Syria envoy warns of surge in deaths

December 30, 2012 05:34 pm | Updated November 17, 2021 02:45 am IST - Cairo

United Nations-Arab League envoy Lakhdar Brahimi warned that a delay in implementing the peaceful solution would jeopardize Syria, as well regional and global peace. Photo:AP

United Nations-Arab League envoy Lakhdar Brahimi warned that a delay in implementing the peaceful solution would jeopardize Syria, as well regional and global peace. Photo:AP

United Nations-Arab League envoy Lakhdar Brahimi on Sunday outlined a solution to end the conflict in Syria, saying there is a “wide international consensus” on the formula.

“This political solution includes a ceasefire, the formation of a transition government with full powers and other steps leading to elections,” he said in Cairo, without providing further details.

Mr Brahimi was speaking after talks in Cairo with Arab League head Nabil al-Arabi.

The veteran Algerian diplomat warned that a delay in implementing the peaceful solution would jeopardize Syria, as well regional and global peace.

“The situation in Syria is very bad and worsening,” he said.

“The pace of worsening is increasing,” he added, predicting that 50,000 more people will be killed in Syria next year if the conflict is not resolved.

The Syrian opposition has repeatedly said a political solution to end the country’s 22-month conflict is impossible unless President Bashar al-Assad steps down.

More than 45,000 people have been killed in Syria since the conflict started in March last year, according to the opposition.

Mr Brahimi met with al-Assad in Damascus earlier in the week, but did not share details of those talks.

The peace envoy also met with Russian Foreign Minister Sergey Lavrov in Moscow on Saturday.

Russia, a major ally of Syria, said that Mr al-Assad was not planning to relinquish power.

In Syria, opposition activists said government’s jets bombarded some pro-rebel towns on the outskirts of Damascus.

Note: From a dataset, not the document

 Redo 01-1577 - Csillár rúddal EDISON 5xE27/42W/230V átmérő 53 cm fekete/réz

Fighting was meanwhile raging between al-Assad’s troops and rebels in the towns of Harsta and Arabeen near Damascus said the opposition Syrian Observatory for Human Rights. It did not give casualty figures.

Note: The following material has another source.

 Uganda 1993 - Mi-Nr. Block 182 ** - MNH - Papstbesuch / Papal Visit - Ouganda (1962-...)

The rebels have been fighting government troops in and around Damascus for weeks, raising the possibility that Mr al-Assad could lose his hold on the capital.

The Britain-based Observatory reported that unknown gunmen had shot dead Sheikh Abdullah Saleh, a local official loyal to al-Assad in the north-eastern province of al-Raqqa.

News from Syria is hard to verify as authorities have barred most foreign media from the country since the start of the pro-democracy uprising.